:: Image-text web data ::
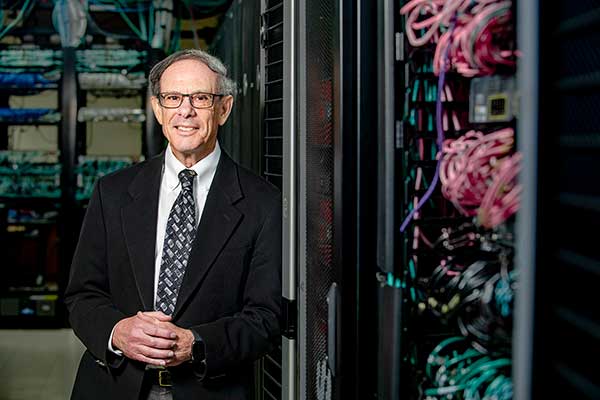 Dr. Jeffrey Krischer standing in computer server room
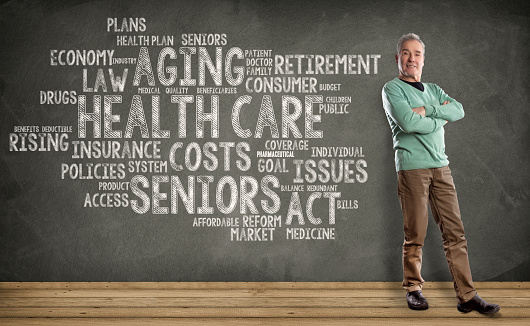 Senior Man, Health Care Word Cloud on Blackboard background. Happy Man standing on wooden floor, against a Blackboard background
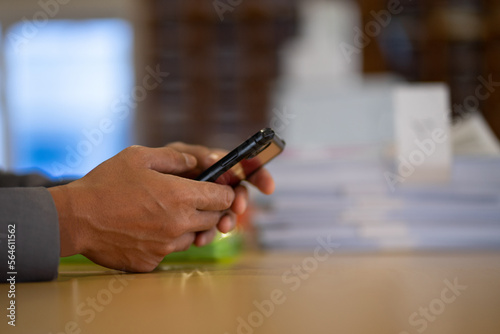 Hands of a man in a gray suit talking on a mobile phone at a desk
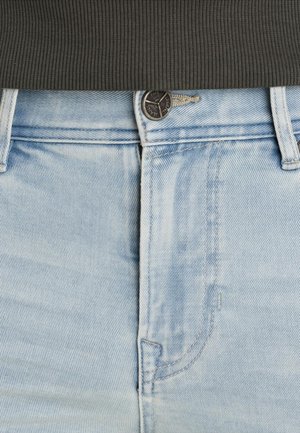 Hellblaue Jeans aus Denim mit sichtbarer Knopfleiste und vorderen Taschen, kombiniert mit einem dunklen gerippten Pulloverbund.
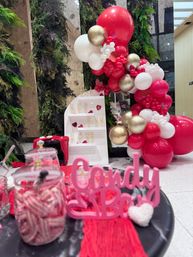 Valentine's candy bar display in an indoor event space: red, white and gold balloon garland with heart accents, jars of striped candy and a tiered shelf of champagne flutes against a vertical green wall.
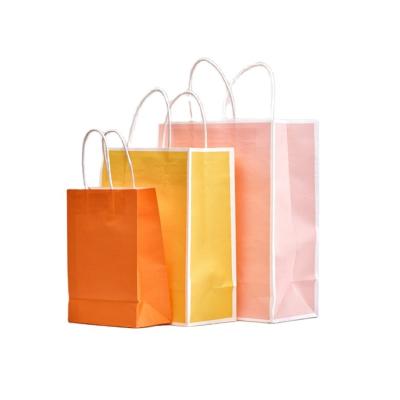 China High Quality Materials Fashion Recycled Logo Printed Kraft Paper Gift Custom Packaging Bags for sale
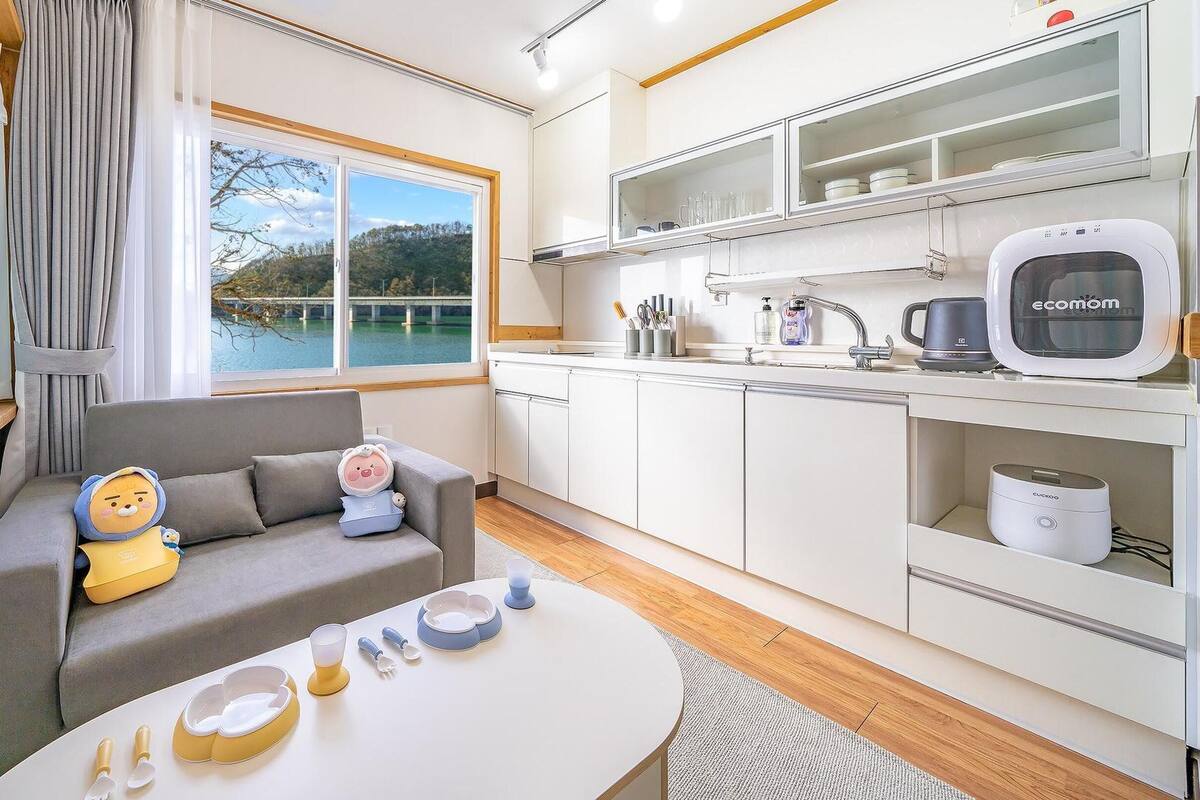A modern hotel room with a sofa, a dining table, and a kitchen area.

:: Your objective ::
Copy the records above exactly, from the first line through the line containing "Hellblaue Jeans aus", and leave out the pictures.

:: Output ::
 Dr. Jeffrey Krischer standing in computer server room
 Senior Man, Health Care Word Cloud on Blackboard background. Happy Man standing on wooden floor, against a Blackboard background
 Hands of a man in a gray suit talking on a mobile phone at a desk
 Hellblaue Jeans aus Denim mit sichtbarer Knopfleiste und vorderen Taschen, kombiniert mit einem dunklen gerippten Pulloverbund.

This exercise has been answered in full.